All members of the commissions will receive a monthly allowance from the state budget. Since there are almost 2,000 of them, and all the commission will be operating for more than a year, this will be a very substantial sum.
The Frelimo proposal, however, looks calm and rational compared with those from the MDM and Renamo which call for the majority of seats on the CNE to go to political parties.
The MDM's proposal has the virtue of calling for a small CNE, of just seven members. But four of these would be appointed by political parties - one by Frelimo, one by Renamo, one by the MDM, and one by the extra-parliamentary parties. The other three members would come from civil society. The proposal does not make clear precisely how the civil society members would be appointed.
The MDM proposes provincial, district and city commissions formed in exactly the same way - seven members, four from political parties and three from civil society.
The Renamo proposal simply ignores all calls from observer missions, from civil society, and from the Constitutional Council (the body with the final say in electoral disputes), for a smaller, more professional and less political CNE. Instead Renamo wants a CNE of 21 members - five appointed by Frelimo, five by Renamo, five by the MDM, three by the extra-parliamentary parties and three by civil society. This proposal is blatantly designed to give opposition parties a majority on the CNE.
Neither Renamo nor the MDM explain why a party with just eight seats in parliament (the MDM) should be entitled to exactly the same representation on the CNE as parties with 51 and 191 seats.
Nor do they say why the extra-parliamentary parties, who have few members and fewer votes, no publications and not even a website between them, and most of whom go into hibernation between elections, should be entitled to any representation on the CNE at all.

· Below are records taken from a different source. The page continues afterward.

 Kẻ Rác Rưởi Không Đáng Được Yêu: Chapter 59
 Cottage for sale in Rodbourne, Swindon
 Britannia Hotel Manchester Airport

Renamo even proposes that all extra-parliamentary parties (and over 50 minor parties are registered with the Ministry of Justice) should have a seat on the CNE, with the right to speak at CNE meetings, but without voting rights.

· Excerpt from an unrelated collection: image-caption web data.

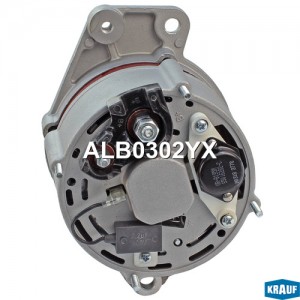Генератор VW Polo (90-94) KRAUF ALB0302YX KRAUF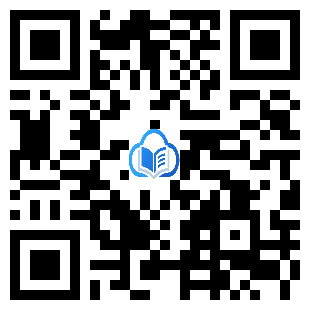 夸克网盘二维码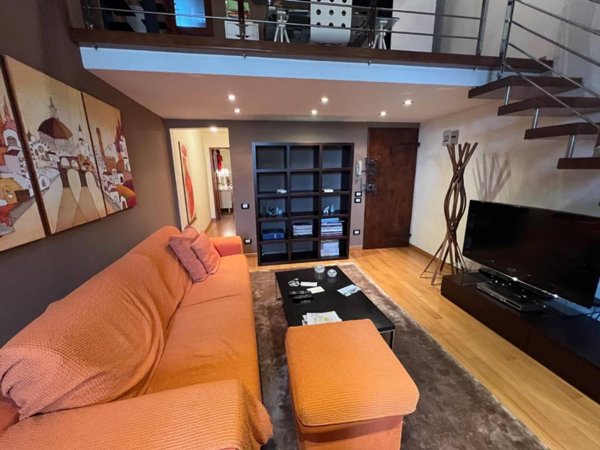 appartamento in affitto a Firenze in zona Centro Duomo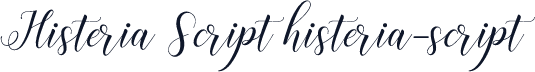 Histeria Script histeria-script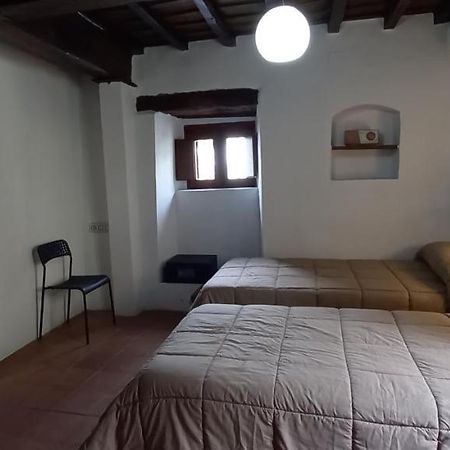 Albergue Turistico "San Blas" De Oliva De Plasencia 外观 照片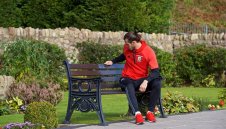 Бейл: Големият ми недостатък? Мързелив съм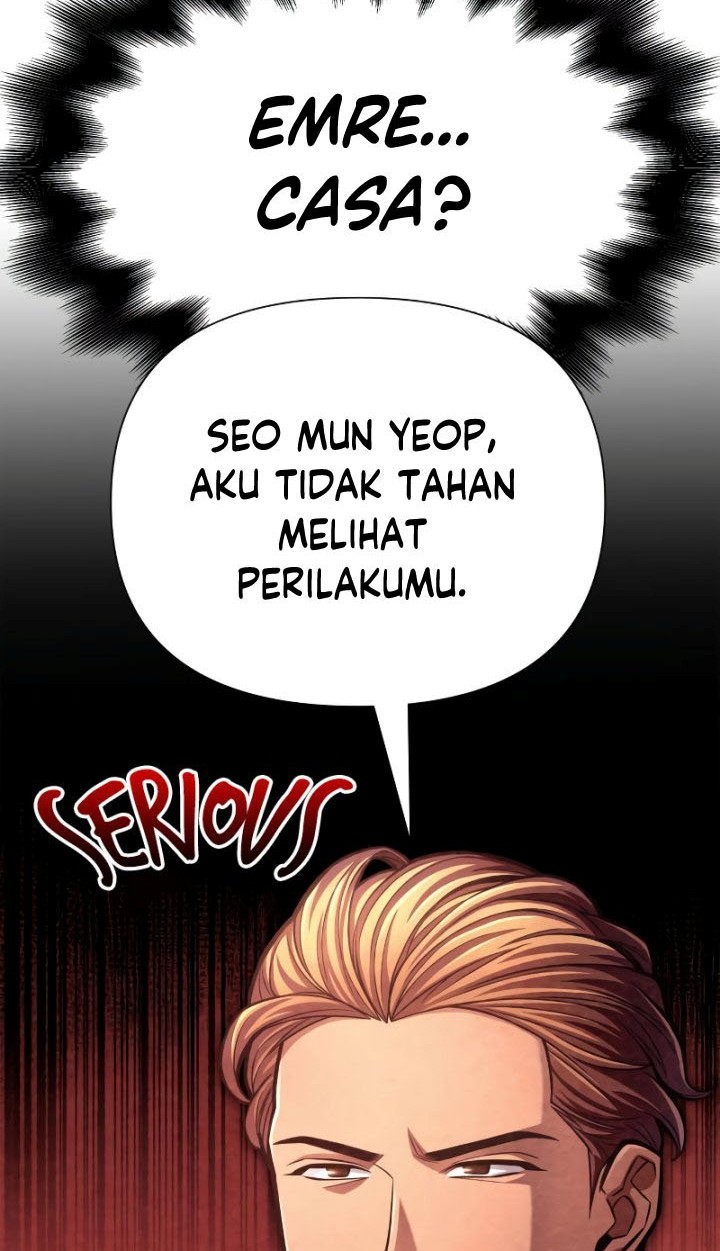 Superhuman Battlefield Chapter 38 - halaman 21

Renamo proposes provincial, district and city election commissions formed on the same model, albeit rather smaller - they would have 13 members, three each from Frelimo, Renamo and the MDM, two from the extra-parliamentary parties and two from civil society.
Renamo also demands the total politicisation of STAE, so that the professional civil servants dealing with the administrative side of elections would have political appointees looking over their shoulders at every stage.

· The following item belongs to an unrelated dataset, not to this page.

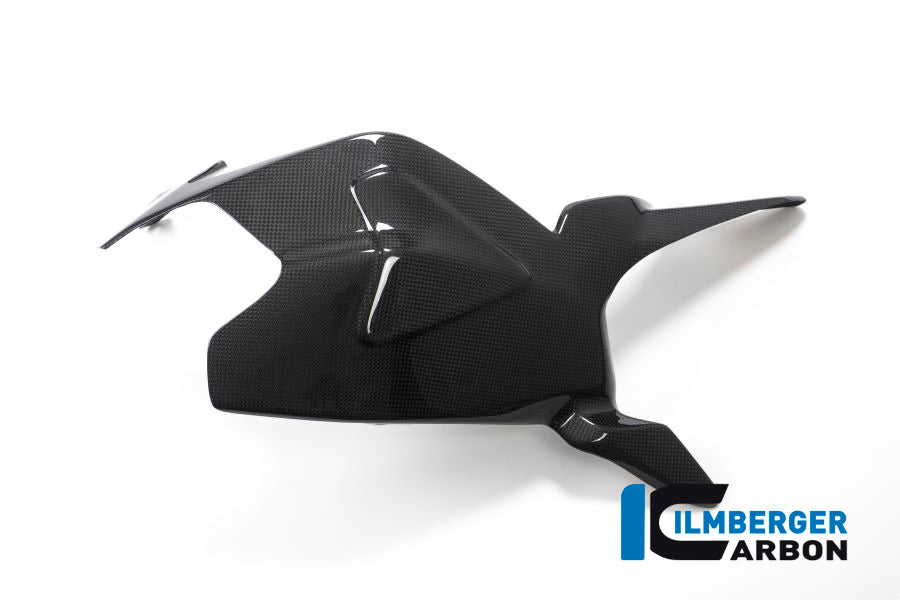 Ilmberger Carbon Swing Arm Cover Ducati Panigale 1299 (From 2015) / V2 - Gloss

There would be a professional general director of STAE - but he would be hamstrung by three deputy directors, one from Frelimo, one from Renamo and one from the MDM. The same system would be implemented all the way down the STAE structure at provincial, district and city level.
In addition the STAE staff would contain an unspecified, but clearly very large, number of appointees from the three parliamentary parties, the extra-parliamentary parties and civil society, all of them enjoying the right to allowances from the state budget. This structure would be unwieldy and very expensive.
The Frelimo, Renamo and MDM proposals are obviously incompatible and attempts to seek consensus look doomed to failure. The most likely outcome is that in late 2011 or early 2012 the Assembly, thanks to the Frelimo majority, will pass a modified version of the Frelimo proposal.
There is still time for Frelimo to change its mind about the composition of the CNE and remove political appointees altogether. After all, during the lengthy debates preceding the adoption in December 2006 of the current laws, Frelimo did at one point call for a CNE formed exclusively of civil society nominees - a proposal that horrified Renamo.
Frelimo would be true to its stated desire for a non-partisan CNE, if it returned to that 2006 proposal, and devised a mechanism whereby such a CNE could be formed without political interference.